Top of TASK DATA

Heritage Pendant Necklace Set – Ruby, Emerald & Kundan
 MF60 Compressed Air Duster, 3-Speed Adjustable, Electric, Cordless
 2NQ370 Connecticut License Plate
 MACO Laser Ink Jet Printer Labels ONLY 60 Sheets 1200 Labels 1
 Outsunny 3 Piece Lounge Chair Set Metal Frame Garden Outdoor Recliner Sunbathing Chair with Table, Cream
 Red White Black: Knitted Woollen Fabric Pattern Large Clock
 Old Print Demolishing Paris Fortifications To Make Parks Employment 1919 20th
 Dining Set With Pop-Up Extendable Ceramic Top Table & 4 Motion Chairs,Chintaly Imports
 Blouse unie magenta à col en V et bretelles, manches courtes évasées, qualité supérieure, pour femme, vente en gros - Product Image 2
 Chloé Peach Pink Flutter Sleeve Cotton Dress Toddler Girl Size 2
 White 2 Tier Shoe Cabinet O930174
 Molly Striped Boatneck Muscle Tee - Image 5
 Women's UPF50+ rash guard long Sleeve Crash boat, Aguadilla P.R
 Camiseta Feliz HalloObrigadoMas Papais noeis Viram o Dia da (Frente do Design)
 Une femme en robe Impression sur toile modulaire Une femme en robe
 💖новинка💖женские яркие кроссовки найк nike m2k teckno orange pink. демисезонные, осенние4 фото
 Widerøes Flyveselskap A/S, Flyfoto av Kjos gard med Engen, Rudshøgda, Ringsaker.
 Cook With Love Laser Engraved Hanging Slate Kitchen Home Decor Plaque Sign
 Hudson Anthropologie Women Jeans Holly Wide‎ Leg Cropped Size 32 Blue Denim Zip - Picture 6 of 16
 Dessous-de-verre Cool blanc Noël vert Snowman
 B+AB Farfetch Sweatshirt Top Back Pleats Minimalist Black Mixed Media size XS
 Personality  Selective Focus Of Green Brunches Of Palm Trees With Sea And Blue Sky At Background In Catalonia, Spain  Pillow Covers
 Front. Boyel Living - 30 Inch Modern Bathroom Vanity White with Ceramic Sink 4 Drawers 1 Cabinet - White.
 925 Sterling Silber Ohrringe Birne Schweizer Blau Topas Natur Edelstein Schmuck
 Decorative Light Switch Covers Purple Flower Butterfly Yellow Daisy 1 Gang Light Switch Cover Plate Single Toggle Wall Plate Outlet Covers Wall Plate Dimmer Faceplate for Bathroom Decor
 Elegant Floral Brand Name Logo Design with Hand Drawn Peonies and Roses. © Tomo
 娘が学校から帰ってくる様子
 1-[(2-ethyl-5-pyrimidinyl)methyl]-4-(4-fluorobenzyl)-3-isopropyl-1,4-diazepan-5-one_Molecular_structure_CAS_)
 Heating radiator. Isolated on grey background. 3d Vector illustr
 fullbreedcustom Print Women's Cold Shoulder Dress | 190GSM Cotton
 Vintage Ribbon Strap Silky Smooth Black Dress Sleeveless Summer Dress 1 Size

Bottom of TASK DATA

◆ WORK REQUIRED
Type out the entries again, word for word.

◆ ANSWER FOR THE TASK
Heritage Pendant Necklace Set – Ruby, Emerald & Kundan
 MF60 Compressed Air Duster, 3-Speed Adjustable, Electric, Cordless
 2NQ370 Connecticut License Plate
 MACO Laser Ink Jet Printer Labels ONLY 60 Sheets 1200 Labels 1
 Outsunny 3 Piece Lounge Chair Set Metal Frame Garden Outdoor Recliner Sunbathing Chair with Table, Cream
 Red White Black: Knitted Woollen Fabric Pattern Large Clock
 Old Print Demolishing Paris Fortifications To Make Parks Employment 1919 20th
 Dining Set With Pop-Up Extendable Ceramic Top Table & 4 Motion Chairs,Chintaly Imports
 Blouse unie magenta à col en V et bretelles, manches courtes évasées, qualité supérieure, pour femme, vente en gros - Product Image 2
 Chloé Peach Pink Flutter Sleeve Cotton Dress Toddler Girl Size 2
 White 2 Tier Shoe Cabinet O930174
 Molly Striped Boatneck Muscle Tee - Image 5
 Women's UPF50+ rash guard long Sleeve Crash boat, Aguadilla P.R
 Camiseta Feliz HalloObrigadoMas Papais noeis Viram o Dia da (Frente do Design)
 Une femme en robe Impression sur toile modulaire Une femme en robe
 💖новинка💖женские яркие кроссовки найк nike m2k teckno orange pink. демисезонные, осенние4 фото
 Widerøes Flyveselskap A/S, Flyfoto av Kjos gard med Engen, Rudshøgda, Ringsaker.
 Cook With Love Laser Engraved Hanging Slate Kitchen Home Decor Plaque Sign
 Hudson Anthropologie Women Jeans Holly Wide‎ Leg Cropped Size 32 Blue Denim Zip - Picture 6 of 16
 Dessous-de-verre Cool blanc Noël vert Snowman
 B+AB Farfetch Sweatshirt Top Back Pleats Minimalist Black Mixed Media size XS
 Personality  Selective Focus Of Green Brunches Of Palm Trees With Sea And Blue Sky At Background In Catalonia, Spain  Pillow Covers
 Front. Boyel Living - 30 Inch Modern Bathroom Vanity White with Ceramic Sink 4 Drawers 1 Cabinet - White.
 925 Sterling Silber Ohrringe Birne Schweizer Blau Topas Natur Edelstein Schmuck
 Decorative Light Switch Covers Purple Flower Butterfly Yellow Daisy 1 Gang Light Switch Cover Plate Single Toggle Wall Plate Outlet Covers Wall Plate Dimmer Faceplate for Bathroom Decor
 Elegant Floral Brand Name Logo Design with Hand Drawn Peonies and Roses. © Tomo
 娘が学校から帰ってくる様子
 1-[(2-ethyl-5-pyrimidinyl)methyl]-4-(4-fluorobenzyl)-3-isopropyl-1,4-diazepan-5-one_Molecular_structure_CAS_)
 Heating radiator. Isolated on grey background. 3d Vector illustr
 fullbreedcustom Print Women's Cold Shoulder Dress | 190GSM Cotton
 Vintage Ribbon Strap Silky Smooth Black Dress Sleeveless Summer Dress 1 Size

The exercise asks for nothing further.